Going through something like this forces you to take stock of your life in a way that might not be possible otherwise. And we felt that we were given this gift of perspective. So yes, 2020 was like going through the ringer for us. But it was also transformative. It allowed us to take a leap of faith and say: “Hey, we’re ready for the next adventure.”
To actually be able to make this record while all that was going on was another gift. I mean, we were in the middle of making just one album when 2020 came out, and we just kept working on it and writing through it. It was a way to help make sense of everything. One song from the album, “Thank You” is really an acknowledgment of that: being able to be grateful even when things seem bleak.
questions: In addition to Orange Peels, you and Jill led a gospel rock band at St. Paul’s Lutheran Church in Mountain View for many years.
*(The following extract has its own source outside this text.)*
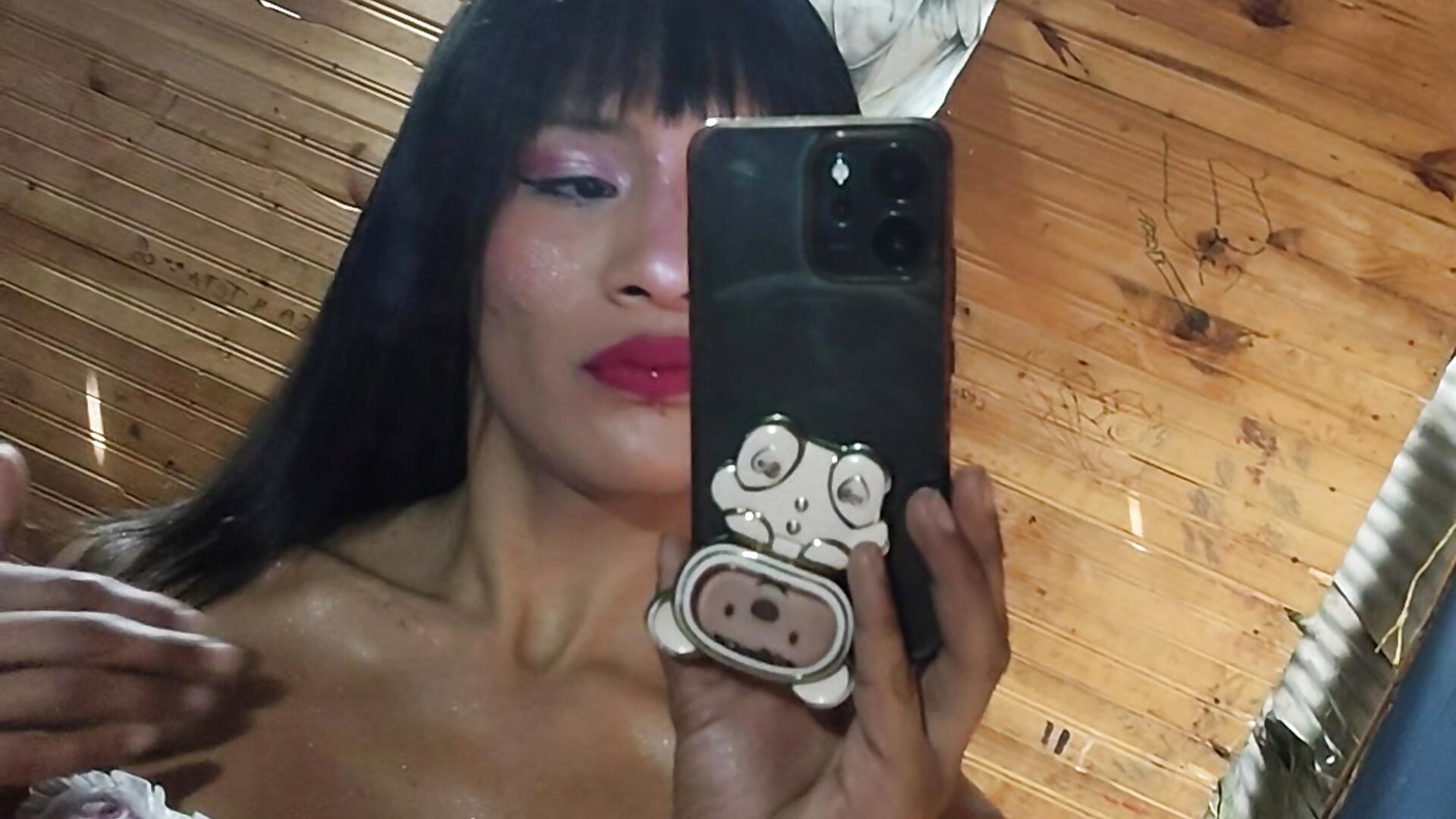 Beautiful girl - video by Aura_love69 cam model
How much did your faith and dependence on God help you get through the tough times of 2020?
a: We’re just celebrating Surviving: Going through 2020, plus some of the family tragedies that happened in the years before it. I think that was a big part of our decision to move to the Virgin Islands. Simply saying, “Hey, we made it through this. We did that. Now let’s start a new chapter.” I don’t know if we would have done that if we thought we lived in the universe without God. Especially during the last one year when there was so much fear about everything. We really felt like we were being taken care of in all those ups and downs.
questions: One of my favorite songs on the new album is “Birds Louder,” where you ask the very pertinent question: “What if we never go back to normalcy?” would that be OK? I mean, what if we never got back to normal?
a: Well this is the big question of our time. I think there’s a longing for some things back to normal, like being able to hang out with family and friends without the fear of a pandemic. But other things, the model of how people work, maybe we should take a beat and rethink that? Do we really need to populate people to work in office buildings? We proved that there were entire industries that worked fine in the last one year without forcing people to commute. As a result we experienced a huge drop in carbon emissions.
I think the biggest mistake we can make right now is to go back to normal without re-evaluating some of the things that have been normal in the last 70 years. It seems that our planet is trying to warn us that we are not on the best path. I mean, it’s “fire season” in California now. We never had anything like this when I was growing up here. Only in the last several years has this become a thing. I think it is a mistake to assume that we play no part in this. What if we looked at the past year as an opportunity rather than a disaster? learn from it. Improve how we treat the planet. how we treat each other.